* [The task] Below are the records; copy exactly the stretch from the line containing "City Inn Premium" through the line containing "DSC_4803.jpg", both ends included, and nothing else.

* [Input records]
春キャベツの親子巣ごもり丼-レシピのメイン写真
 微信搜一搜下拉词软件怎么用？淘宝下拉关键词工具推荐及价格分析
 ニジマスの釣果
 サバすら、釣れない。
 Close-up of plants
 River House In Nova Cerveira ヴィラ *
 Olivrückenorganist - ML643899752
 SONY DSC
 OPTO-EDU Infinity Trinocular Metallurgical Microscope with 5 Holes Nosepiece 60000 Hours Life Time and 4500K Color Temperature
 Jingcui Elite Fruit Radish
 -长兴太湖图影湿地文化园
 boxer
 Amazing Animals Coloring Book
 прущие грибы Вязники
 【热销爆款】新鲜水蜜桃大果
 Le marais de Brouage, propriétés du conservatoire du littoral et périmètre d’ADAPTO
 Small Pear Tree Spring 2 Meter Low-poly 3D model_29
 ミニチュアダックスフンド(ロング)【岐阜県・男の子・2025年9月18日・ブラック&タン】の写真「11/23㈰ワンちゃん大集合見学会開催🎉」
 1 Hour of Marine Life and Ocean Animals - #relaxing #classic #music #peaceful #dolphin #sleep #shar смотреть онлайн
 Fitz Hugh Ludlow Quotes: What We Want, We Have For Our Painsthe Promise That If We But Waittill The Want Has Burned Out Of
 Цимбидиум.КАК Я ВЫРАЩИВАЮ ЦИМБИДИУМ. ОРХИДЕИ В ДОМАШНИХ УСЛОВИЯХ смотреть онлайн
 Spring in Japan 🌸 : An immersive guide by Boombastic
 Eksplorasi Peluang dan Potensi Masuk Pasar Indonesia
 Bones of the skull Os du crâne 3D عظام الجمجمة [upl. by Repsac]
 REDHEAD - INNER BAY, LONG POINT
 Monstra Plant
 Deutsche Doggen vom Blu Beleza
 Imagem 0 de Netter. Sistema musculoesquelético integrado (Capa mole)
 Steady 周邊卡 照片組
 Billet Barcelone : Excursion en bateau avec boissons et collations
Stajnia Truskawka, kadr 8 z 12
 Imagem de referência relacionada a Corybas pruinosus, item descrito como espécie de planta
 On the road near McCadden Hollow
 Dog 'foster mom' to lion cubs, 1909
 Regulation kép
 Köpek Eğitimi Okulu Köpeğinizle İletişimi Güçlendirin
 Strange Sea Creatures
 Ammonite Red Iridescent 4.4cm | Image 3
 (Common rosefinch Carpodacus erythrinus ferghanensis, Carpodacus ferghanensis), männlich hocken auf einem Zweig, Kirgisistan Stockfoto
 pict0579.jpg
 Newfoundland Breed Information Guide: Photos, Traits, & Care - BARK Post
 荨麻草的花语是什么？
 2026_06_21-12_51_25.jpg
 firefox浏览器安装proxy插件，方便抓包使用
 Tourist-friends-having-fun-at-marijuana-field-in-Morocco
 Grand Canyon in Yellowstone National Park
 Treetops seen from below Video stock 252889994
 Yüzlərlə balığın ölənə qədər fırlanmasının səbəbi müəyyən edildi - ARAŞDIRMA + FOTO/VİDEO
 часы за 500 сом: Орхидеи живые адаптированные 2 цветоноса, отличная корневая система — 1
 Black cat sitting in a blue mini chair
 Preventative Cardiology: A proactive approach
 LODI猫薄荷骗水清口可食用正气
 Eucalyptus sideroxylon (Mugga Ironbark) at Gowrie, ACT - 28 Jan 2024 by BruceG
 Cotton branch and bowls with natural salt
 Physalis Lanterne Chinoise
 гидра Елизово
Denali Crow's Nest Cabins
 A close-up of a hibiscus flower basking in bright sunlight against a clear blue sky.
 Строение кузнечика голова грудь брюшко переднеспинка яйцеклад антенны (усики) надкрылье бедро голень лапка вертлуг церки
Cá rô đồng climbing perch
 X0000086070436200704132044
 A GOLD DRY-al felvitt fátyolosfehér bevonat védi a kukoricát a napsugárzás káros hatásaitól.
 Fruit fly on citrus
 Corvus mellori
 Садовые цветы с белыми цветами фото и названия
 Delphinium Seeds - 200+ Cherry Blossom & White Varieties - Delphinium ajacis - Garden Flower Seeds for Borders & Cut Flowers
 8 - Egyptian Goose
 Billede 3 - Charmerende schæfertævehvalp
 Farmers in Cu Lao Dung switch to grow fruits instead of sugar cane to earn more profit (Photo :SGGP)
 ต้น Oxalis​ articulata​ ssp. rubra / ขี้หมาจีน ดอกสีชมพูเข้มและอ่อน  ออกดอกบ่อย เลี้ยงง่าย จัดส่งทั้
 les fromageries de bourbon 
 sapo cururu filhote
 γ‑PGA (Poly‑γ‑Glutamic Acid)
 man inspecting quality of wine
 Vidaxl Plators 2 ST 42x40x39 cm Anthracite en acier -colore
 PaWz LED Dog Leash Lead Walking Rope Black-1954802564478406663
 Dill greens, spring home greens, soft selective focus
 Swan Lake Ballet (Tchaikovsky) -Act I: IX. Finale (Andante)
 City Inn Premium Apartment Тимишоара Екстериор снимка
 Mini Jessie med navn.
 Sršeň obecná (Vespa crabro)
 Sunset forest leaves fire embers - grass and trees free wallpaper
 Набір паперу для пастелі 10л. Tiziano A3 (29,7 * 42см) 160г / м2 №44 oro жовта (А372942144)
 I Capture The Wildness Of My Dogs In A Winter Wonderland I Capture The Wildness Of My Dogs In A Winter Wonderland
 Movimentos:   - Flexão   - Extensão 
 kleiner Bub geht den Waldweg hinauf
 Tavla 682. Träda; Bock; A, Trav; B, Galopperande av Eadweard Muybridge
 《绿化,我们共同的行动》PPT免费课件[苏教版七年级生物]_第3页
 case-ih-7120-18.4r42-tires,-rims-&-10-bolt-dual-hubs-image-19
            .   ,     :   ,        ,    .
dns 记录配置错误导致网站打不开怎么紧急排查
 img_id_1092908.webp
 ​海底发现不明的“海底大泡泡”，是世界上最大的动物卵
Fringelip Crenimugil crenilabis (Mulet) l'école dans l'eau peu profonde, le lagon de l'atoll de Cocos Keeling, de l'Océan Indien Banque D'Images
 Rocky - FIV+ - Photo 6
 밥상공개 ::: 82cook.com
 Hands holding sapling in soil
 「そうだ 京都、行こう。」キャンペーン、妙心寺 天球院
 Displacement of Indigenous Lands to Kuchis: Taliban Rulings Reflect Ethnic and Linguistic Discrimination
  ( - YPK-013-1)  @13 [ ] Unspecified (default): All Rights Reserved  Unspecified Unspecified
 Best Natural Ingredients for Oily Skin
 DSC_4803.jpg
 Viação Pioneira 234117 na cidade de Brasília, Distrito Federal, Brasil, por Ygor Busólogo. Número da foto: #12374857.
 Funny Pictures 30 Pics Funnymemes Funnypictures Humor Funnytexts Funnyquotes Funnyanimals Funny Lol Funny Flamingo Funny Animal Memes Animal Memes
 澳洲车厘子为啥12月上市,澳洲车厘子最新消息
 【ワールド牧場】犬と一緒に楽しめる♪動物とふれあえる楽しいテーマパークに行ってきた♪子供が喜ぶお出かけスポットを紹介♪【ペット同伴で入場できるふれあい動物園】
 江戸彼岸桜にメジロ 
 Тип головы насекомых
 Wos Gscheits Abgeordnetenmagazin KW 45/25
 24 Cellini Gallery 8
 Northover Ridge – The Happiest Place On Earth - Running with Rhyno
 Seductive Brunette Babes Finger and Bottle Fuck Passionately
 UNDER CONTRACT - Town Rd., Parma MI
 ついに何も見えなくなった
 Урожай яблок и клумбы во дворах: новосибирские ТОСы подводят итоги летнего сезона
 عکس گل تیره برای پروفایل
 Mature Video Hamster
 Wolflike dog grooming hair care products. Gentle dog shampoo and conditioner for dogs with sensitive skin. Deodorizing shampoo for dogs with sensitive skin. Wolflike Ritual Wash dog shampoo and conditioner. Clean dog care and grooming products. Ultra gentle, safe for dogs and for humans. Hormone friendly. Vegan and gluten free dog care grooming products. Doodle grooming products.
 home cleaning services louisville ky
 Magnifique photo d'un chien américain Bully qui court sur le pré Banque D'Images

* [Response area]
 City Inn Premium Apartment Тимишоара Екстериор снимка
 Mini Jessie med navn.
 Sršeň obecná (Vespa crabro)
 Sunset forest leaves fire embers - grass and trees free wallpaper
 Набір паперу для пастелі 10л. Tiziano A3 (29,7 * 42см) 160г / м2 №44 oro жовта (А372942144)
 I Capture The Wildness Of My Dogs In A Winter Wonderland I Capture The Wildness Of My Dogs In A Winter Wonderland
 Movimentos:   - Flexão   - Extensão 
 kleiner Bub geht den Waldweg hinauf
 Tavla 682. Träda; Bock; A, Trav; B, Galopperande av Eadweard Muybridge
 《绿化,我们共同的行动》PPT免费课件[苏教版七年级生物]_第3页
 case-ih-7120-18.4r42-tires,-rims-&-10-bolt-dual-hubs-image-19
            .   ,     :   ,        ,    .
dns 记录配置错误导致网站打不开怎么紧急排查
 img_id_1092908.webp
 ​海底发现不明的“海底大泡泡”，是世界上最大的动物卵
Fringelip Crenimugil crenilabis (Mulet) l'école dans l'eau peu profonde, le lagon de l'atoll de Cocos Keeling, de l'Océan Indien Banque D'Images
 Rocky - FIV+ - Photo 6
 밥상공개 ::: 82cook.com
 Hands holding sapling in soil
 「そうだ 京都、行こう。」キャンペーン、妙心寺 天球院
 Displacement of Indigenous Lands to Kuchis: Taliban Rulings Reflect Ethnic and Linguistic Discrimination
  ( - YPK-013-1)  @13 [ ] Unspecified (default): All Rights Reserved  Unspecified Unspecified
 Best Natural Ingredients for Oily Skin
 DSC_4803.jpg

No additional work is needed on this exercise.